Assigned task: Using the exact wording, repeat every line of the material.

Recorded information:
══════
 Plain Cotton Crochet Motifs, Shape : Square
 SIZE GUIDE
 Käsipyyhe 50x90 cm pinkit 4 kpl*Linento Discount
══════
Task result:
 Plain Cotton Crochet Motifs, Shape : Square
 SIZE GUIDE
 Käsipyyhe 50x90 cm pinkit 4 kpl*Linento Discount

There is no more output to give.